Voy a intentar abstraerme un poco —no demasiado— para bucear en el mundo de las ideas y contarles cómo fue mi evolución. Cómo la experiencia derribó algunas de mis creencias, reforzó otras y me enseñó, una y otra vez, que la práctica enseña más y mejor que miles de horas de lectura, incluso si son libros de autores muy reputados.
Ya conté alguna vez que viví mi juventud cuando todavía se idolatraba a la Revolución Cubana y el muro de Berlín seguía en pie. El mundo parecía ordenado en dos bloques, y lo políticamente correcto era ubicarse en algún punto intermedio: no tan capitalista, no tan socialista. Ni tan de derecha, ni tan de izquierda. La famosa "tercera vía", que prometía lo mejor de ambos mundos.

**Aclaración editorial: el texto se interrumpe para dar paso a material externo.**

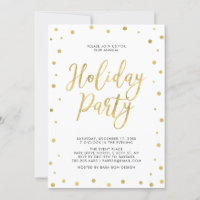 Gold Konfetti | Moderne Firmen-Weihnachtsfeier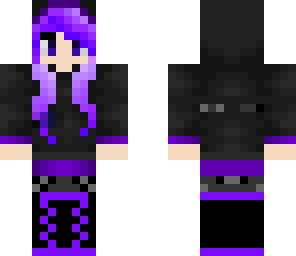 purple girl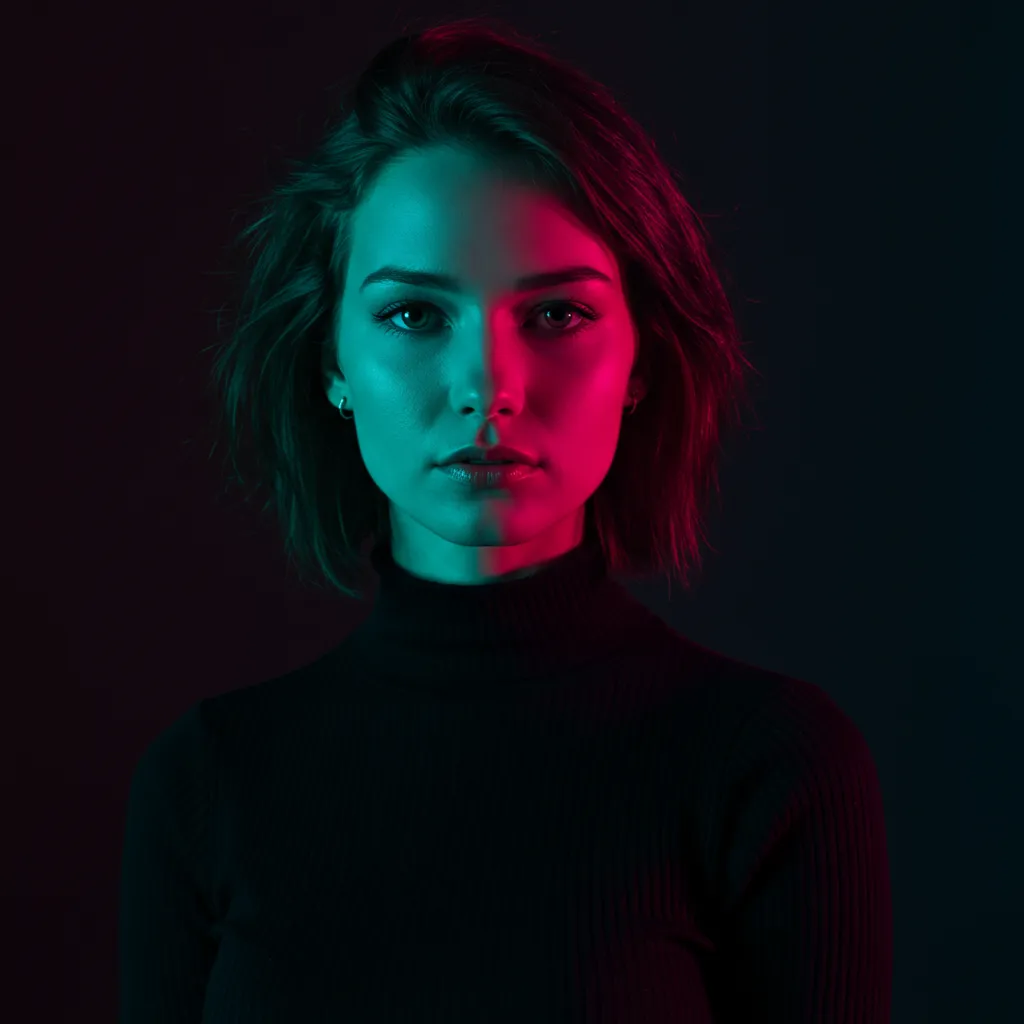 Creative portrait style generated without prompt engineering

No escapé a esa lógica. Creí firmemente que el Estado debía intervenir para corregir los excesos del mercado. Que el "capitalismo salvaje" era uno de los grandes males de la humanidad. Que los empresarios eran, en su mayoría, codiciosos, y que sólo un Estado fuerte podría ponerles límites en defensa del bien común.
Con el tiempo —y con el trabajo, la vida cotidiana, los impuestos, los trámites, las crisis, las oportunidades perdidas y aprovechadas— empecé a ver otra cosa.
Vi que un Estado fuerte muchas veces significa un aparato grande, opaco y lleno de privilegios para quienes lo manejan. Vi que los "voraces empresarios" también eran los que arriesgaban, creaban trabajo, movían la economía. Vi que sin ellos no hay riqueza que repartir, y que los sistemas donde el Estado se erige como dueño y repartidor universal de todo, suelen terminar con escasez, corrupción o ambas cosas.También aprendí que el mercado, con todos sus defectos, es simplemente la suma de nuestras decisiones como sociedad. Nadie debería decidir por nosotros qué queremos producir, comprar o intercambiar. Por eso me resuena tanto la idea de que la verdadera justicia no está en repartir a todos por igual, sino en ofrecer a todos las mismas oportunidades, para que el mérito y el esfuerzo hagan su parte.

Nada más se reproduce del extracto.